[Instructions for the task] Please tally the lines in the material below that contain the word "Class", and give the count only.

[Extracted records]
>>>

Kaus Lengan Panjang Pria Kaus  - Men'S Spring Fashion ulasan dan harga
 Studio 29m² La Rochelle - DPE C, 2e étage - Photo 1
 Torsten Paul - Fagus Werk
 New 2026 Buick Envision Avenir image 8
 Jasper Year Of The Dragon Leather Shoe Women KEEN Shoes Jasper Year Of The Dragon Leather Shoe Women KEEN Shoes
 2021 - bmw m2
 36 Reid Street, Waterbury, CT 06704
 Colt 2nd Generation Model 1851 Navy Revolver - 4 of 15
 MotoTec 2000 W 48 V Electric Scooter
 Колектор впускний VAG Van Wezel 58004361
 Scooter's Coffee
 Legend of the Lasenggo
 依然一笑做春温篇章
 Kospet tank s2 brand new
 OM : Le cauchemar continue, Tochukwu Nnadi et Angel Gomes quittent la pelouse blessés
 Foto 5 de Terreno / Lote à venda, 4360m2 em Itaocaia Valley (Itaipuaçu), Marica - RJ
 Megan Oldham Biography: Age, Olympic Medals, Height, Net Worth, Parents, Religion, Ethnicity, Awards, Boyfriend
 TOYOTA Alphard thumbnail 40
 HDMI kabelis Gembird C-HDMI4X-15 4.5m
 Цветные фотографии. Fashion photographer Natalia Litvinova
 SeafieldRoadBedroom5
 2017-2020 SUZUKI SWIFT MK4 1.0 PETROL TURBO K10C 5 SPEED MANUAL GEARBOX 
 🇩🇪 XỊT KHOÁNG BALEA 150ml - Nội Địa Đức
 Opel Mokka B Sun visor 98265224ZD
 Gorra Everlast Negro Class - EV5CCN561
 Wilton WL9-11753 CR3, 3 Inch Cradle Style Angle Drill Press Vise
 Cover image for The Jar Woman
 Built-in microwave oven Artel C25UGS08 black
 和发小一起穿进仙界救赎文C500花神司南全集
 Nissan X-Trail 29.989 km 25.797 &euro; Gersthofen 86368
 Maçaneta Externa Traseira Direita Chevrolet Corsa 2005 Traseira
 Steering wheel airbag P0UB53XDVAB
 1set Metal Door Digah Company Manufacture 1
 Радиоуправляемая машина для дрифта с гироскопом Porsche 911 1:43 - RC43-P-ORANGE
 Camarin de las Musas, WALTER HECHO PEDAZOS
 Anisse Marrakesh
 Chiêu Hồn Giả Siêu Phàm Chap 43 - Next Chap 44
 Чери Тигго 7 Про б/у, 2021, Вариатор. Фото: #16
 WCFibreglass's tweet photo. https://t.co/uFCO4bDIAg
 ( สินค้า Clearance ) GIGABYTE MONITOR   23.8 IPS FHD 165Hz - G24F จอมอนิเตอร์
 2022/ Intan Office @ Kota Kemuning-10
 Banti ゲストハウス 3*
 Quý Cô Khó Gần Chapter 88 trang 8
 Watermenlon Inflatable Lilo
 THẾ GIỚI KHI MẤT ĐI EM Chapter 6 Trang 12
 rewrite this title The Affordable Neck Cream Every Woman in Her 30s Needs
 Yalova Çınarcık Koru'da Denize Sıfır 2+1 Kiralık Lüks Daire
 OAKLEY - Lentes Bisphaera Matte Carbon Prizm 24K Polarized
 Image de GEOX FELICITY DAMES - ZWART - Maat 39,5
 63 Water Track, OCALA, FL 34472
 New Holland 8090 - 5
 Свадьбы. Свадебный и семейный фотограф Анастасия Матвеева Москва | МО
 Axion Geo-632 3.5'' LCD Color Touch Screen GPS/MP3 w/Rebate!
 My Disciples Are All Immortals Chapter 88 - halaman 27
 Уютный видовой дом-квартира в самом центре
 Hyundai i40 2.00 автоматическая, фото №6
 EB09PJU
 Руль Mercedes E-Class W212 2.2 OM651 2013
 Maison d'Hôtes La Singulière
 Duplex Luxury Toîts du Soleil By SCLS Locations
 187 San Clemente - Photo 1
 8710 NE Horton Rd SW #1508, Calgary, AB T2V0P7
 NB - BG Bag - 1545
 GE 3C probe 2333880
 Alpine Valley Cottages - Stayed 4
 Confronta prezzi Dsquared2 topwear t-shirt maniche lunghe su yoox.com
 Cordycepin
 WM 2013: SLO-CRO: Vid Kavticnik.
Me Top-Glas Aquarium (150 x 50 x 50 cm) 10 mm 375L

<<<

[Task output] 2